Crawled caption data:
..........

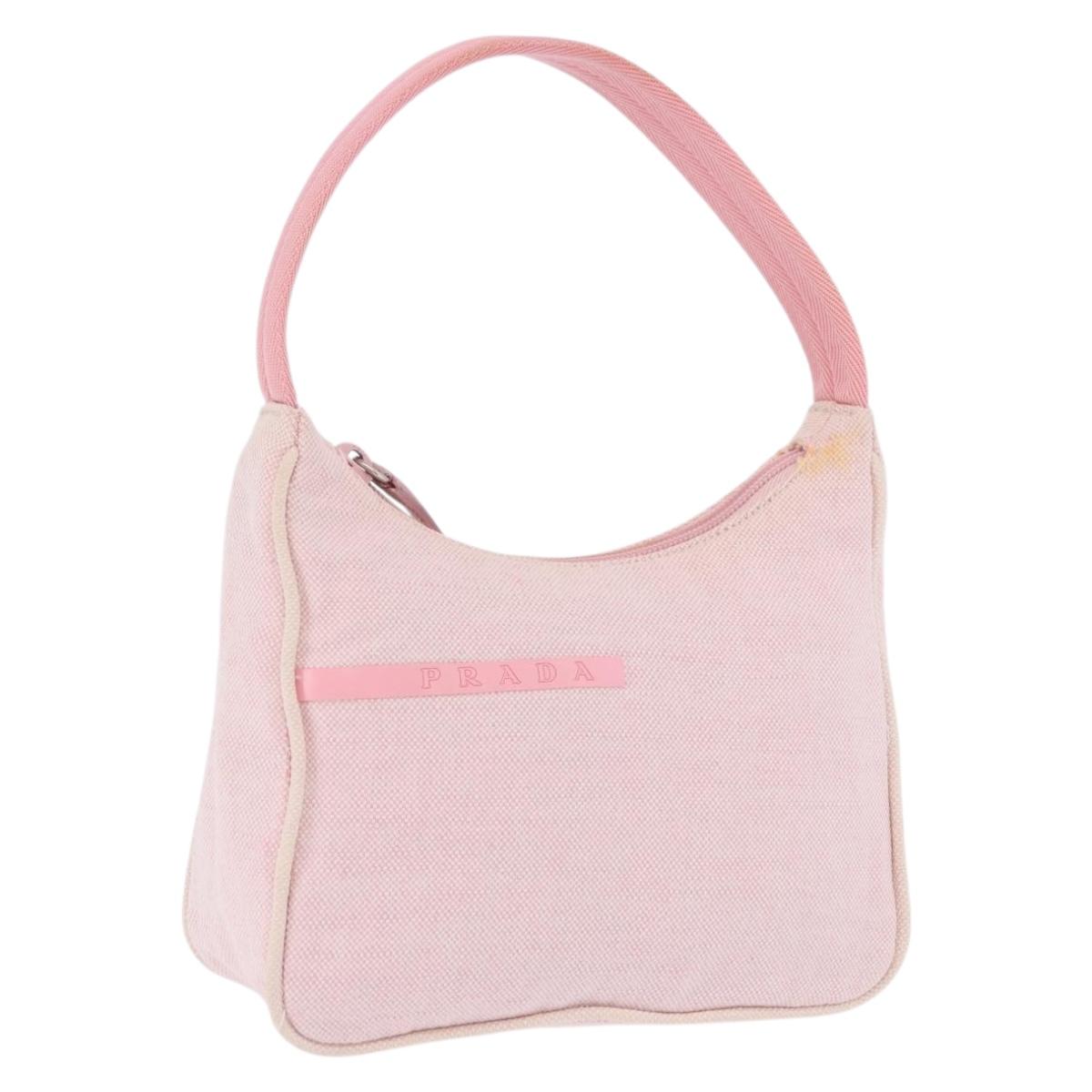 PRADA Prada Sport Hand Pouch Canvas Pink Auth 197685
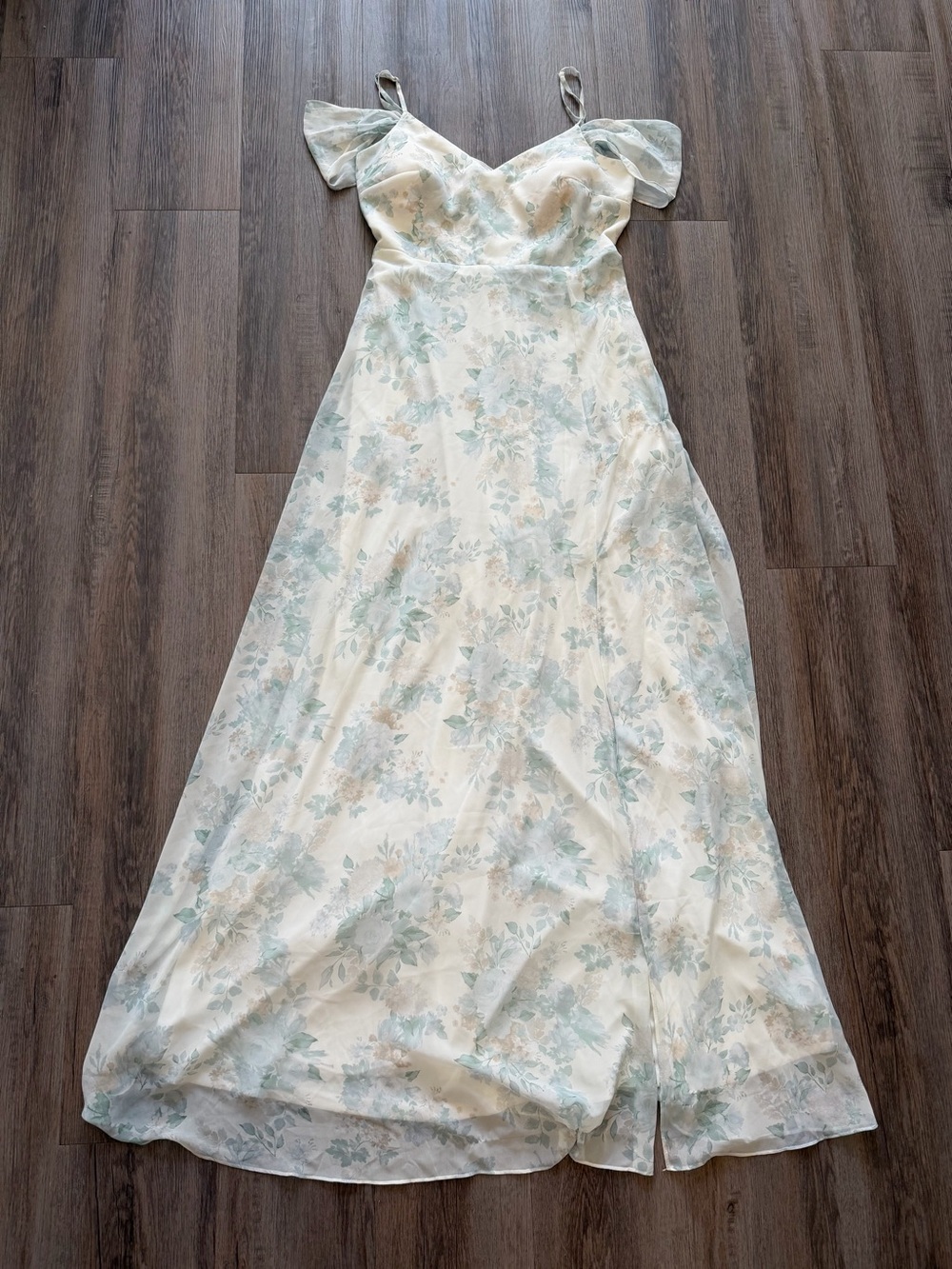 Birdy Grey Devin Dress Bridesmaid Dress Blue Floral Chiffon Floor Length Size S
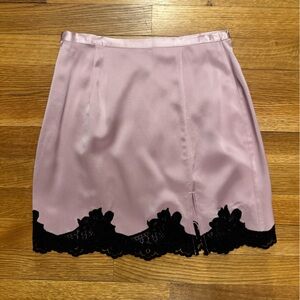 Pink Lace Trim Silk Skirt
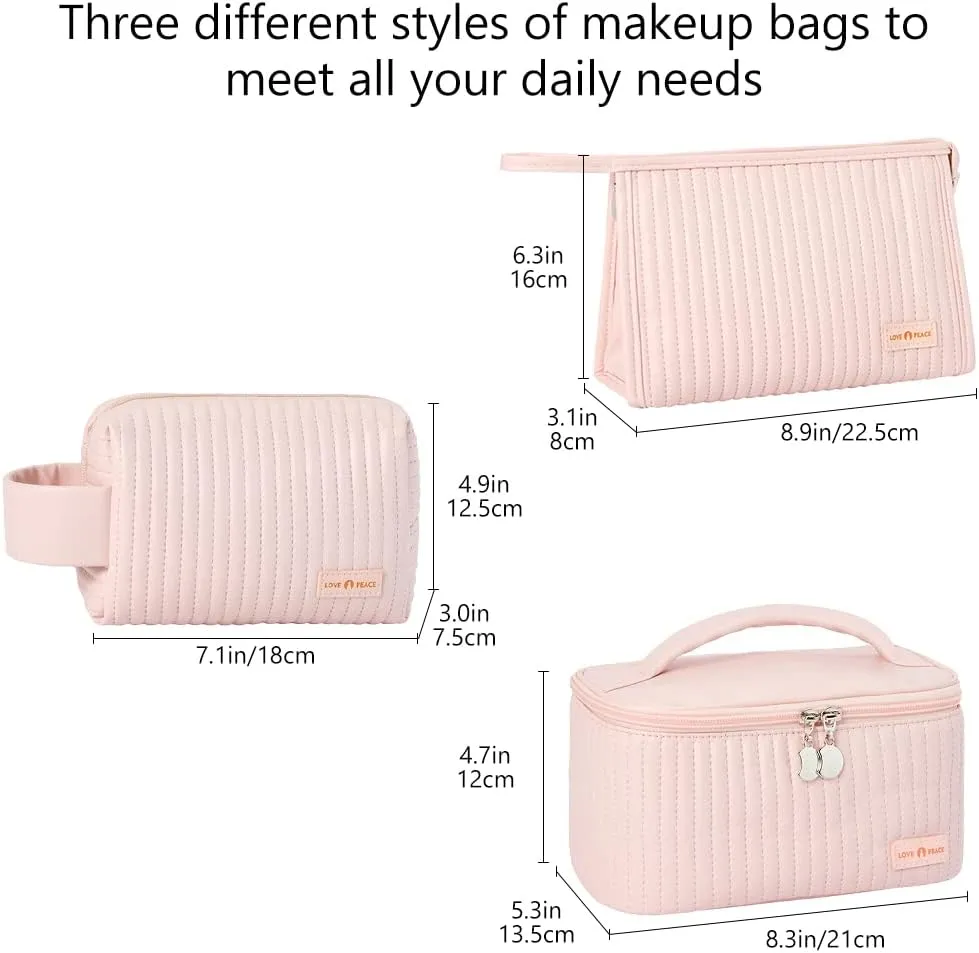 Makeup Bag 3 Pcs Cosmetic Bags Set, PU Striped Leather Toiletry Bag, Portable Waterproof Travel Makeup Organizer, Cute Make up Bags for Women and Girls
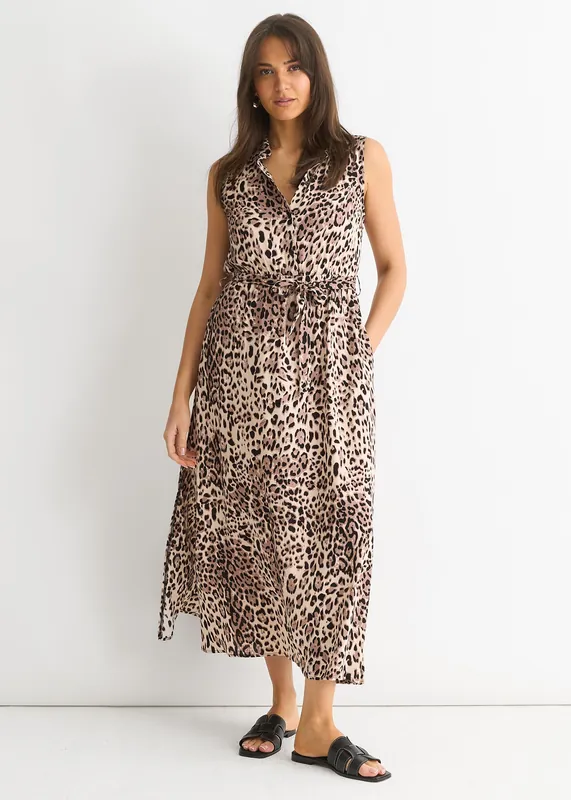 Animal Print Pocket Detail Shirt Dress - Gini London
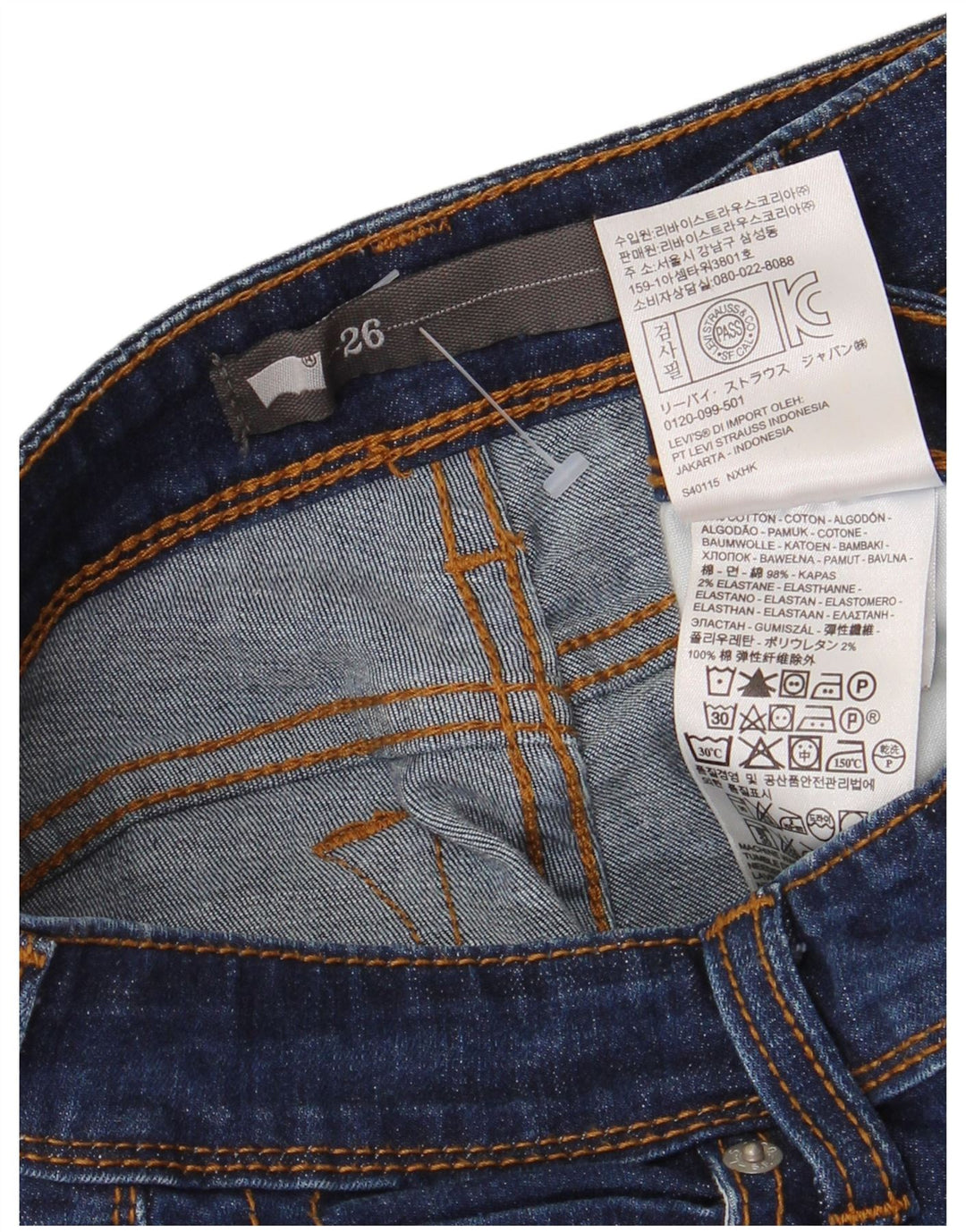 Levi's Dame Capri Jeans W26 L21 Marineblå Bomuld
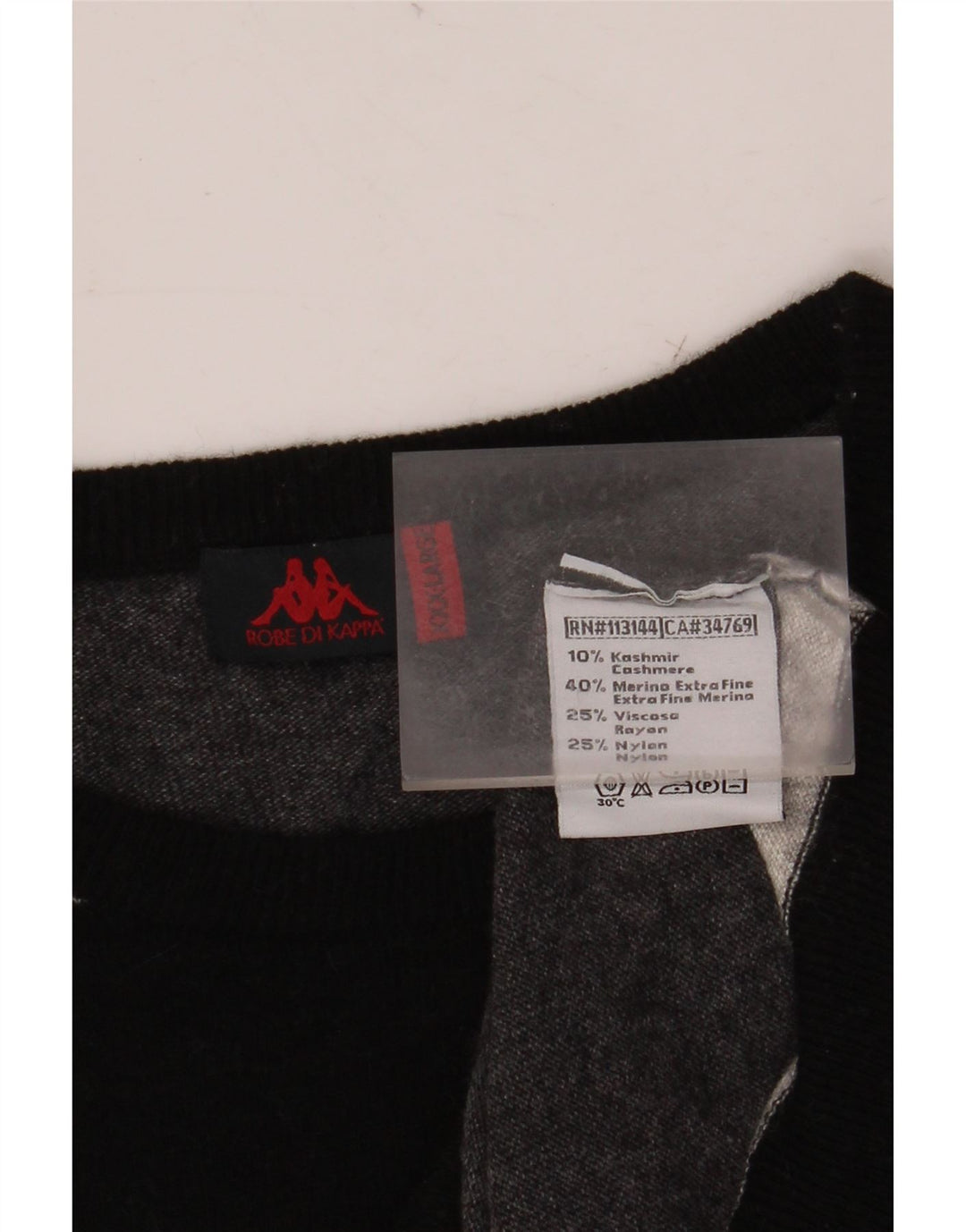 KAPPA Mens Crew Neck Jumper Sweater 3XL Grey Striped Cashmere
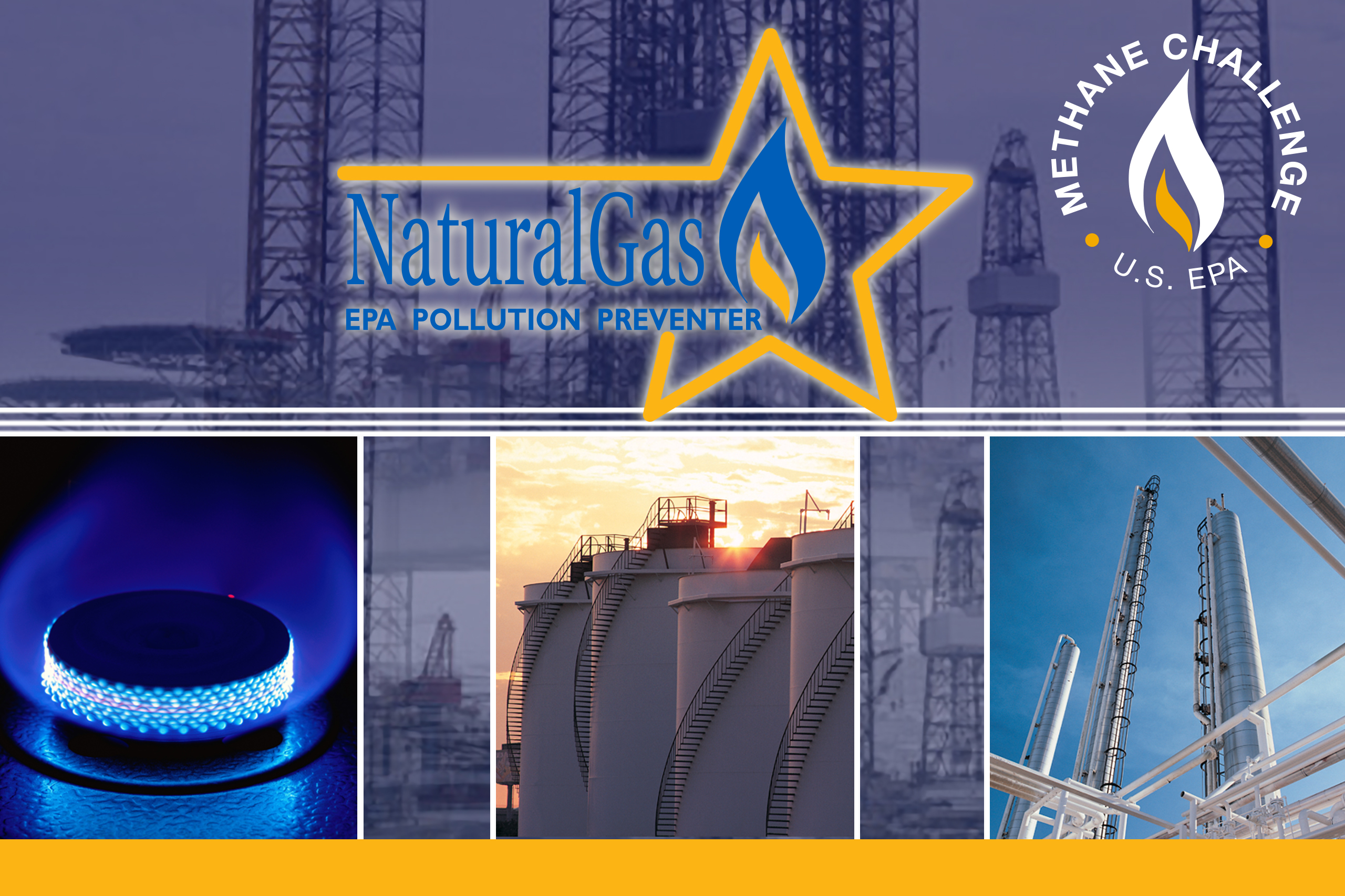 Collage of Methane Challenge program logo and other general images connoting methane gas.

..........

Task instructions:
When you transcribe the entries above, begin at their first line, end with the line containing "Levi's Dame Capri", and copy each line exactly without any picture.

Exercise output:
 PRADA Prada Sport Hand Pouch Canvas Pink Auth 197685
 Birdy Grey Devin Dress Bridesmaid Dress Blue Floral Chiffon Floor Length Size S
 Pink Lace Trim Silk Skirt
 Makeup Bag 3 Pcs Cosmetic Bags Set, PU Striped Leather Toiletry Bag, Portable Waterproof Travel Makeup Organizer, Cute Make up Bags for Women and Girls
 Animal Print Pocket Detail Shirt Dress - Gini London
 Levi's Dame Capri Jeans W26 L21 Marineblå Bomuld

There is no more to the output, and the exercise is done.